The petition, which the BBC reports was started by Hong Kong pro-democracy protester Tong Wai-hung, describes Yen as a “supporter of the Chinese Communist regime” and its crackdown on the residents of the city.
The petition specifically points to a statement made by the actor in a recent profile on GQ, where he says the 2019 pro-democracy demonstrations in Hong Kong “wasn’t a protest…it was a riot.”
Yen, who is best known to American movie-goers for his role in the Star Wars spin-off Rogue One and Disney’s live-action remake of Mulan, has starred in several popular Hong Kong action films—including his leading role in the long-running Ip Man franchise.

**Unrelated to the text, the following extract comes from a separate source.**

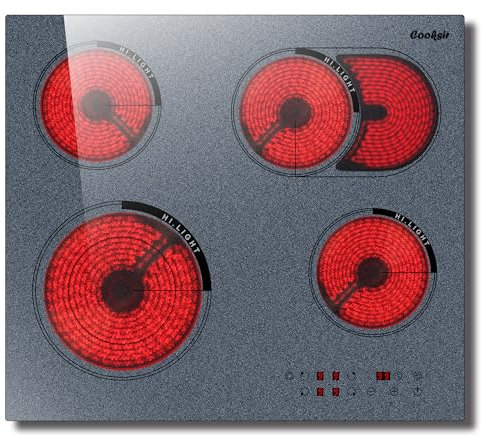 Cooksir Plaque Vitrocéramique 4 Feux, Plaque de Cuisson 60CM Intégré, Grise, Sicherheitssperre, Verrouillage de Sécurité, 99-Minuten-Timer, Tactile, 240V Sans Prise, Texture Granuleuse Rugueuse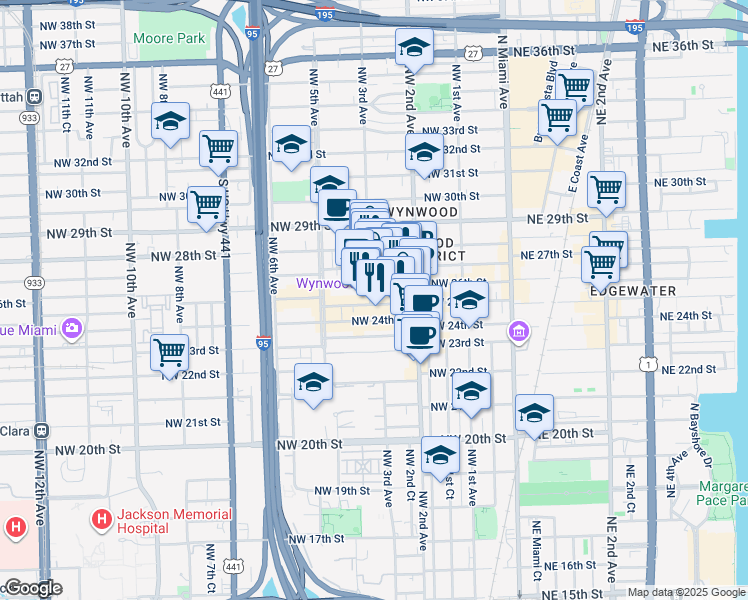 map of restaurants, bars, coffee shops, grocery stores, and more near in Miami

He also is a member of the Chinese People’s Political Consultative Conference (CPPCC), a largely ceremonial body that serves as an advisory body to the Chinese Communist Party.
The Academy of Motion Pictures and Sciences is yet to comment on the petition.
Yen has been very public about his patriotism toward China, even describing himself as “100% Chinese” after giving up his U.S. citizenship in 2009 in favor of a Hong Kong passport. In 2017, the actor courted controversy in Hong Kong after describing his meeting with Chinese President Xi Jinping as a “great honor.” This prompted calls for boycotts of his films in Hong Kong, including the 2019 release Ip Man 4. Disney’s 2020 live-action remake of Mulan—where Yen plays the character, Commander Tung—also faced calls for a boycott in Hong Kong after its lead Liu Yifei expressed her support for the crackdown on pro-democracy protestors in the city. Earlier that year, Yen had posted a video on Facebook celebrating the 23rd anniversary of Hong Kong’s return “to motherland China.”
One of the presenters at the 1993 Oscars Ceremony, actor Richard Gere, used the platform to criticize the Chinese government over the “horrendous human rights situation” in the country. Gere then urged Chinese leaders Deng Xiaoping to “take his troops, take them away from Tibet and allow these people to live as free, independent people again.”